Recorded information:

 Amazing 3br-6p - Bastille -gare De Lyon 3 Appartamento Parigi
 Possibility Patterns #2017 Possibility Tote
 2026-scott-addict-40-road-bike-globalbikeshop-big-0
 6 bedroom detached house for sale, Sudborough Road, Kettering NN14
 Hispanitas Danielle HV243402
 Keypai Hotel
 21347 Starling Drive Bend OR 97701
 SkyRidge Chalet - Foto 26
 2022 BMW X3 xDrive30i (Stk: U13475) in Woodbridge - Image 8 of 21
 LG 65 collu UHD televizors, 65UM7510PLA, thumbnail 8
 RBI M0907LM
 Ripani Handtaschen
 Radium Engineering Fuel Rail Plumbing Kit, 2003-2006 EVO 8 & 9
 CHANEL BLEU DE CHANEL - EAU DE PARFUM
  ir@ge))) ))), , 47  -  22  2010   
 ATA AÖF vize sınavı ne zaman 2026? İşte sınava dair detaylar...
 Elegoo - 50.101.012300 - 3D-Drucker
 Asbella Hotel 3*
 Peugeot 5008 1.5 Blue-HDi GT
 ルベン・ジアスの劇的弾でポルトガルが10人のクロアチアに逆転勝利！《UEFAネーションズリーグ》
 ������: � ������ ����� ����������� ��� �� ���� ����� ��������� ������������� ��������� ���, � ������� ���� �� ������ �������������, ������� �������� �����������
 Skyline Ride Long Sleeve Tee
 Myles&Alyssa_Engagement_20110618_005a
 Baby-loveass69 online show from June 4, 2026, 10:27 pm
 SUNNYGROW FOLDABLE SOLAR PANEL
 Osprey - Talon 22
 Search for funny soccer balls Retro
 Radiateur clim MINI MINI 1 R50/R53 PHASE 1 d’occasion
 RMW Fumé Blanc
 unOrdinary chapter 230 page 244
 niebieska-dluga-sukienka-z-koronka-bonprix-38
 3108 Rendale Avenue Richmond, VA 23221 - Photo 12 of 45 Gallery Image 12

Work to be completed:
Copy out the range of lines above starting at the line with "LG 65 collu" and ending at the line with "Peugeot 5008 1.5 Blue-HDi GT", exactly and including both.

Finished task:
 LG 65 collu UHD televizors, 65UM7510PLA, thumbnail 8
 RBI M0907LM
 Ripani Handtaschen
 Radium Engineering Fuel Rail Plumbing Kit, 2003-2006 EVO 8 & 9
 CHANEL BLEU DE CHANEL - EAU DE PARFUM
  ir@ge))) ))), , 47  -  22  2010   
 ATA AÖF vize sınavı ne zaman 2026? İşte sınava dair detaylar...
 Elegoo - 50.101.012300 - 3D-Drucker
 Asbella Hotel 3*
 Peugeot 5008 1.5 Blue-HDi GT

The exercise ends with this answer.